La colère toute nue

Une pièce féroce
de l’auteure et actrice algérienne Rayhana
sur la condition féminine dans son pays.

Gilles Costaz  • 7 janvier 2010 abonné·es

L’auteure et actrice Rayhana, née à Alger, a choisi depuis quelques années de vivre en France. Pourtant, le plus fort de son activité s’est déroulé en Algérie, où elle a joué au sein de la troupe du Théâtre national de Béjaïa, au cinéma et à la télévision. Elle a même collectionné les prix d’interprétation. Mais ce qu’elle dit dans sa première pièce écrite en français et créée à la Maison des métallos, À mon âge, je me cache encore pour fumer, elle ne pourrait sans doute pas l’exprimer aussi ouvertement dans son pays natal. C’est une œuvre féroce contre la domination des hommes et l’intimidation que fait régner un pouvoir religieux en forte progression.

Tout se passe dans un hammam d’Alger, que l’auteure appelle «  une matrice » . L’une après l’autre, des femmes arrivent, sous le contrôle d’une masseuse bourrue qui a la responsabilité du lieu. Derrière un paravent, elles quittent leurs vêtements pour venir au premier plan couvertes d’une tunique légère, et se laver en dévoilant un peu de leur corps. Le moment où elles se changent est important. Aucune ne porte de tchador, sauf une, que l’on voit de dos retirer sa robe noire et sa coiffe. Cette femme est la seule intégriste du groupe qui se constitue devant nos yeux. L’intégrisme est surtout à l’extérieur, tout autour de ce huis clos, avec un homme qui viendra frapper et veut enlever une femme qui a manqué à la loi.

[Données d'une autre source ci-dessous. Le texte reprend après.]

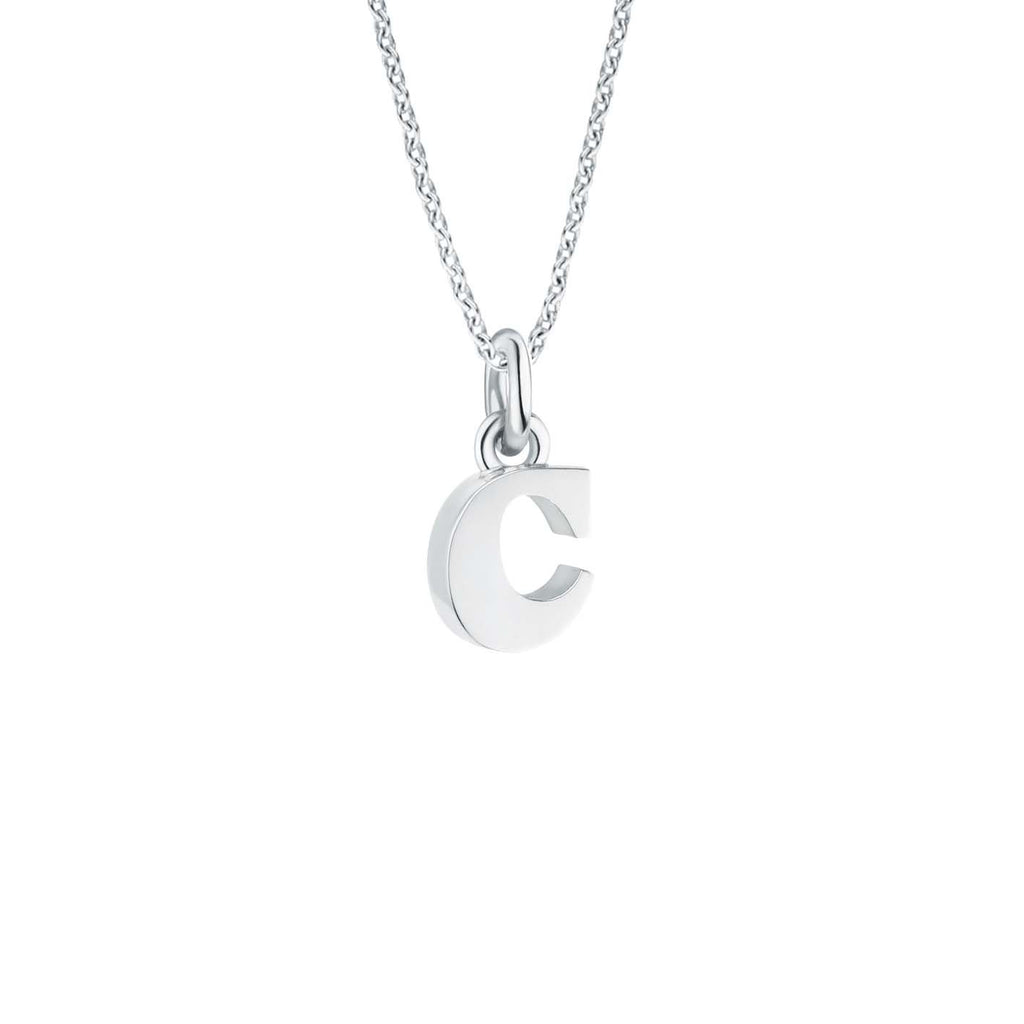 Seed c Silver Necklace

Les autres femmes sont toutes des rebelles à l’ordre des mâles. Mais aucune ne ressemble à sa voisine. Il y a celle qui a une vie sexuelle fort libre, celle qui vit pour ses enfants, celle âgée qui en a tant vu, celle qui donne des leçons aux autres et celle qui n’en veut pas… Jeunes et vieilles palabrent, mais pas en toute innocence. Car, peu à peu, les faits les plus terribles surgissent dans la conversation : une amie a été frappée, une autre massacrée. Tout devient de plus en plus grave. Une mère venue de France vient là chercher une jeune fille pour la donner à son fils, et se montre réticente face à l’étudiante un peu naïve qu’une marieuse lui propose. L’intégriste défend les imams et tous ceux qui exécutent leurs volontés : c’est au sein de l’université qu’elle agit, plus encore qu’au hammam ! Et cet homme qui cogne furieusement à la porte vient pour s’emparer d’une jeune fille qui aurait perdu sa virginité. Comment va réagir cette communauté de femmes si divisée ?

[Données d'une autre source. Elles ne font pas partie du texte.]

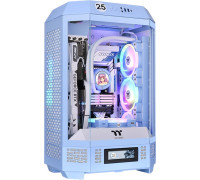 Корпус Thermaltake The Tower 300 Hydrangea Blue CA-1Y4-00SFWN-00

Ce qui frappe, c’est la violence de cette pièce très poignante. Rayhana, qui y joue un personnage très discret, lâche une colère étincelante. Les oppositions dont elle se sert sont parfois un peu écrites à la hache. Mais quelle fougue ! L’excellente mise en scène de Fabian Chappuis table sur le contraste entre un décor abstrait – un grand parallélépipède blanc posé sur un plateau vide – et des comédiennes très charnelles : Marie Augereau, Linda Chaïb, Maria Laborit, Rébecca Finet, Taïdir Ouazine, Paula Brunet-Sancho, Géraldine Azouélos, Catherine Giron. Le hammam devient un lieu sans contours où l’âme est aussi ­visible que le corps. La fureur et la terreur vous sautent au visage en même temps qu’un amour désespéré.